Well first off, we need to recognize that the Bible does speak to this. There is an internal testimony of the Spirit: “And by this we know that he abides in us, by the Spirit whom he has given us” (1 Jn. 3:24). But John continues: “Beloved do not believe every spirit, but test the spirits to see whether they are from God, for many false prophets have gone out into the world” (1 Jn. 4:1). So just because somebody feels assured of something doesn’t mean it’s the Holy Spirit. False spirits lead people away from God while the Holy Spirit leads people into communion with God. The central test for the spirits comes down to whether they confess that Jesus is from God (1 Jn. 4:2-3). But there is also a fellowship and submission test: Those spirits that are not from God are collaborators with the world: “therefore they speak from the world, and the world listens to them” (1 Jn. 4:5). Those who have the Spirit of God inside of them overcome the world because “he who is in you is greater than he who is in the world” (1 Jn. 4:4). But then John says this: “We are from God. Whoever knows God listens to us; whoever is not from God does not listen to us.
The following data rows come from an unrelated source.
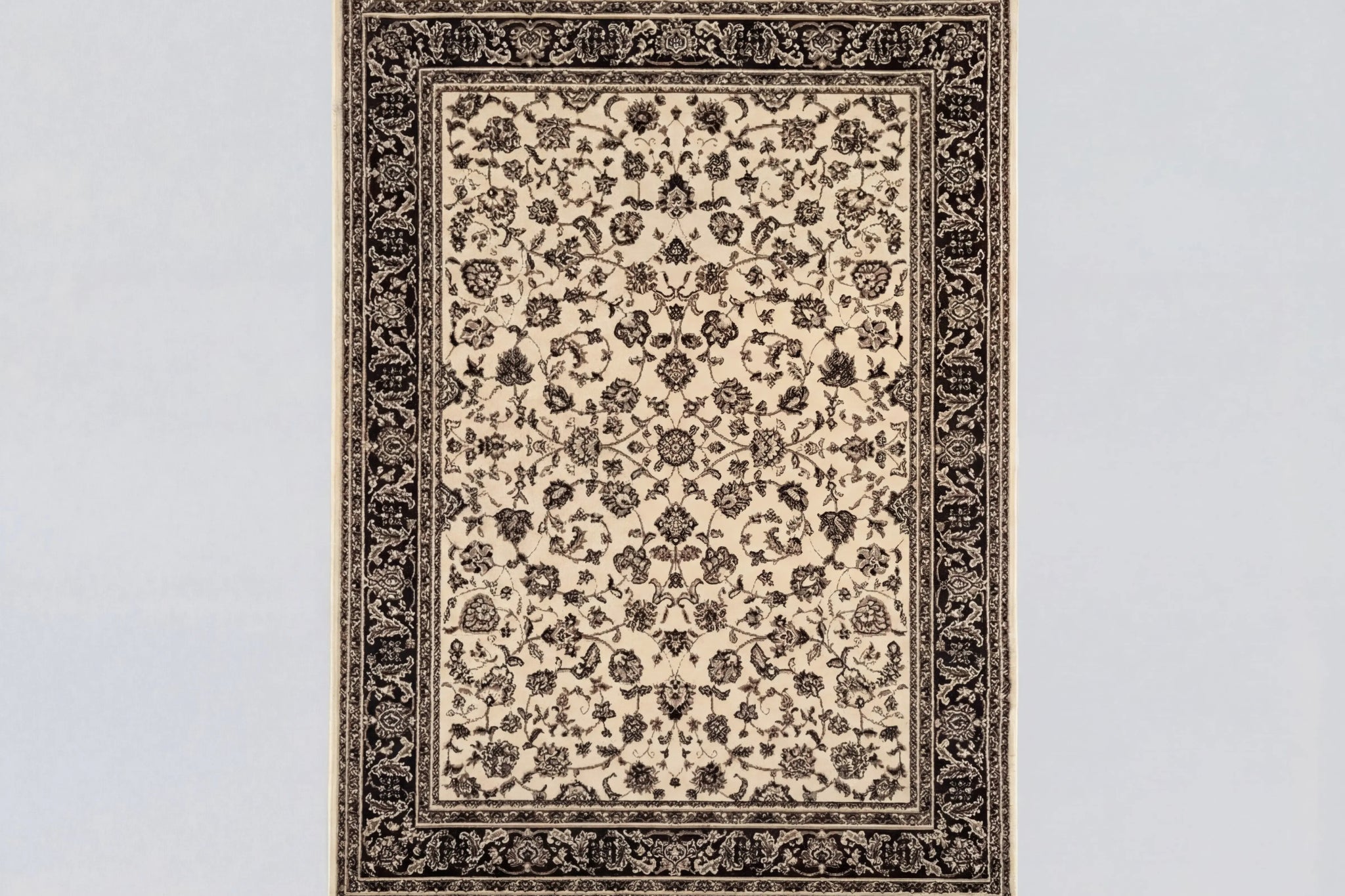 TAPIS PETRA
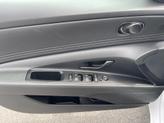 Thumbnail of 2025 White Hyundai ELANTRA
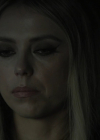 Filename=VampireDiariesWorld-dot-nl_Highttown2x06-2551.jpg
Filesize=86KiB
Dimensions=720x400
Date added=Jan 15, 2023 VampireDiariesWorld-dot-nl_Highttown2x06-2551.jpg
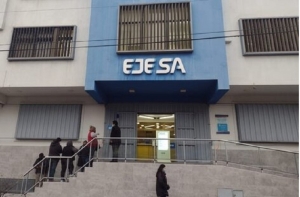 Ejesa alert&oacute; por hackeos de celulares y extorsiones econ&oacute;micas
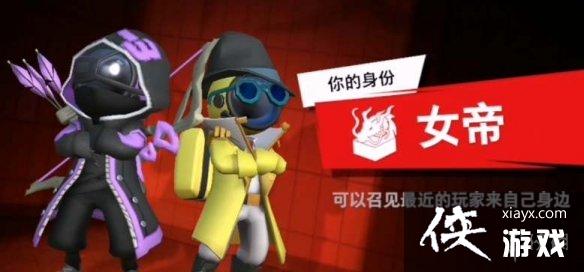 ̫���ж�Ů����ô��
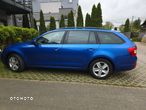 Skoda Octavia 1.6 TDI 4x4 Ambition - 1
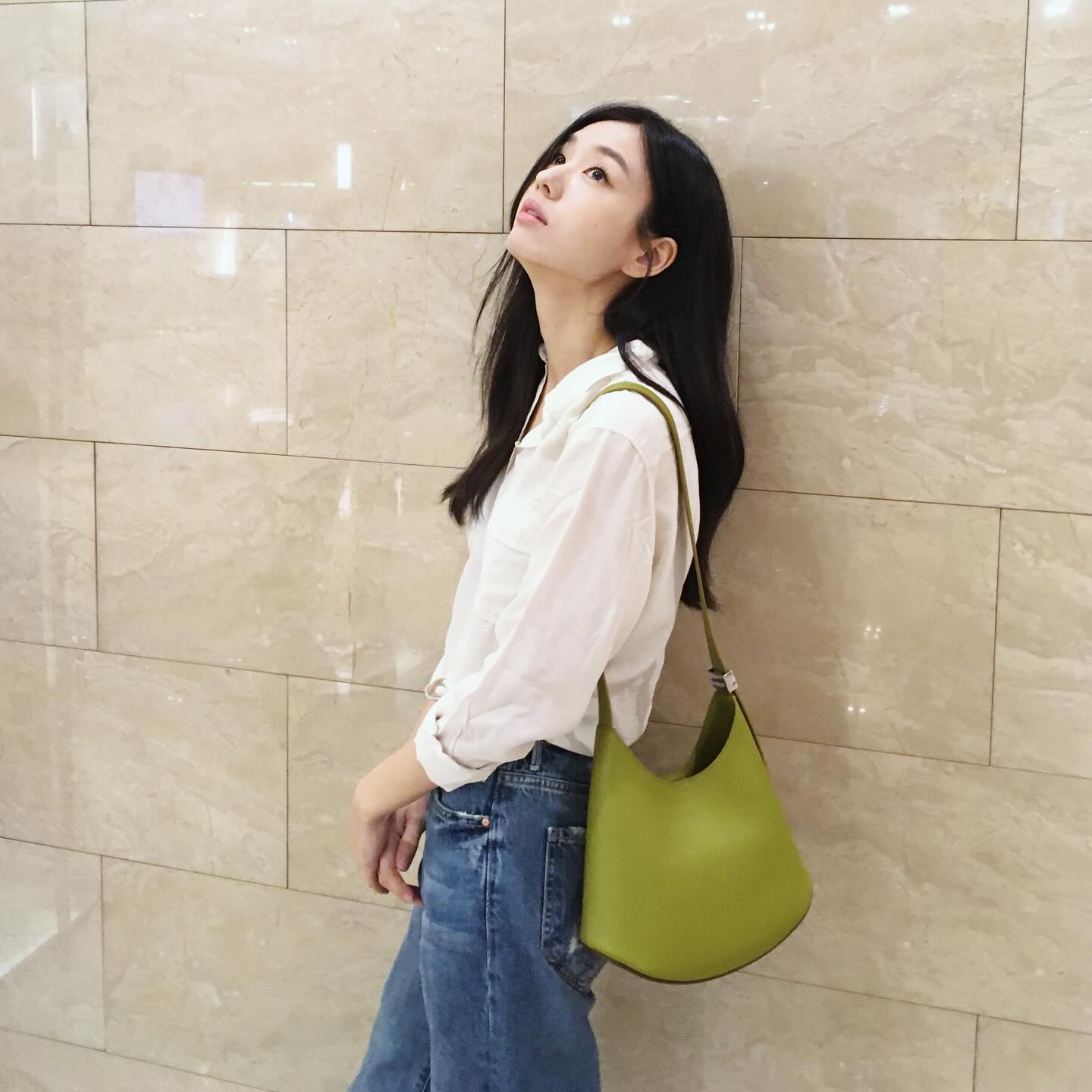 Mỹ nhân phim hot lột xác đẹp át cả Suzy: Đều nhờ cách giảm cân vẫn ăn đủ 3 bữa 1 ngày- Ảnh 15. Mỹ nhân phim hot lột xác đẹp át cả Suzy: Đều nhờ cách giảm cân vẫn ăn đủ 3 bữa 1 ngày- Ảnh 15.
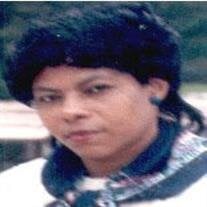 Linda Elizabeth Smith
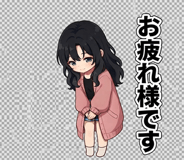 887046064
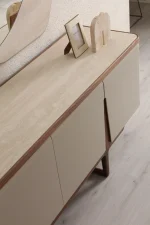 Noa Sofa Set - Image 12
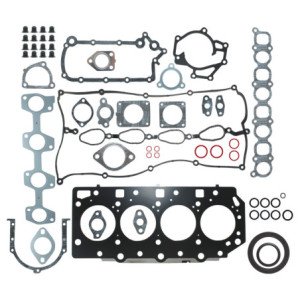 Culata Kia Original | Repuestos y Culatas de Alta Calidad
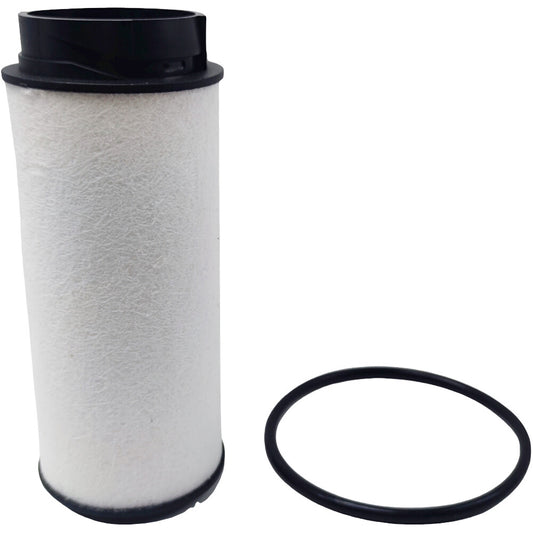 500054702 Fit 2012-2018 Mitsubishi Fuso Canter Fuel Filter Kit MK667920
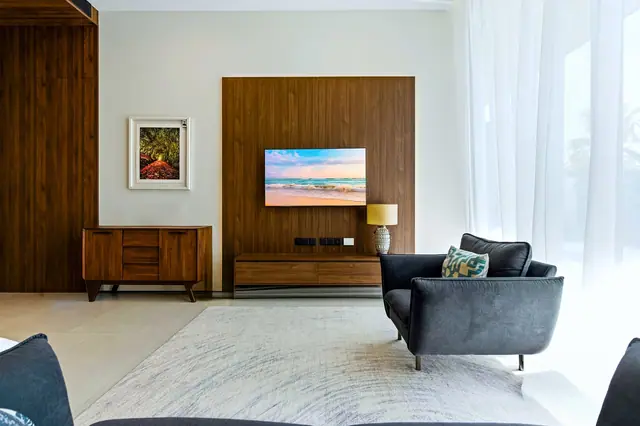 Sunti Villas — Шоурум, Банг Тао и Лагуна, Пхукет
By this we know the Spirit of truth and the spirit of error” (1 Jn. 4:6). The internal testimony of the Spirit is not at odds with the apostolic teaching. The internal testimony of the Spirit is not an anti-rational trump card that discerns loop holes, exceptions, and penumbra in the Scriptures. Rather, the internal testimony of the Spirit confirms precisely what the apostles taught. And what did the apostles teach? The New Testament Scriptures, those writings authored and sponsored by the hand-picked witnesses of Jesus.
However, sometimes the internal testimony of the Spirit is presented as R.C. Sproul says in such a way as to give “the impression that the biblical data, apart from the internal testimony, is insufficient to provide a rational-evidential basis for faith in Christ and that the Holy Spirit either provides new internal evidence for the believer that is unavailable to all, or that he gives the Christian the ability to leap over the evidence (being either insufficient or contrary) by an act of faith” (Scripture Alone, 75-76). In other words, the internal testimony of the Spirit is not the Holy Spirit communicating secret information that is not available to everyone, nor is it some kind of irrational leap over the chasm of insufficient evidence. Then what it is? Sproul cites Calvin who says that this doctrine means that the Holy Spirit teaches men inwardly such that they “acquiesce implicitly in Scripture; that Scripture, carrying its own evidence along with it, deigns not to submit to proofs and arguments, but owes the full conviction with which we ought to receive it by the testimony of the Spirit.” Calvin is not saying that people may appeal to their conscience and get the Bible to say whatever they want it to say. He’s not saying that the Bible really is one of those choose-your-own-adventure novels. He’s saying the Holy Spirit compels men to receive what the Bible actually says. As Sproul puts it, “for Calvin, the testimony of the Spirit does not cause men to acquiesce contrary to the evidence but into the evidence of Scripture” (77, emphasis mine).
To summarize, the Bible itself teaches that the Holy Spirit is given so that we might hear the words of the apostles. Those who have the Holy Spirit listen to the apostles. What infallible record has been left by the apostles? Their authoritative writings collected in the pages of the New Testament. The internal testimony of the Spirit compels men to read and listen to the actual words, the actual claims, the actual evidence set forth in the Scriptures themselves and to receive them, believe them, and obey them. The deep irony is that those who deny Sola Scriptura often sound far more mystical (and might we say Mormon?) than this traditional Protestant position. Rather than being driven back to the text of Scripture, to study the text, to wrestle with the text like the faithful Bereans did with Paul’s gospel, many in the Orthodox and Roman traditions dismiss such study as hopelessly ambiguous, individualistic, and at worst dangerously tending toward heresy. What you need, they seem to say, is the spirit of tradition to lead you and guide you. But as John says, you really must test the spirits. Some of them don’t listen to the apostles.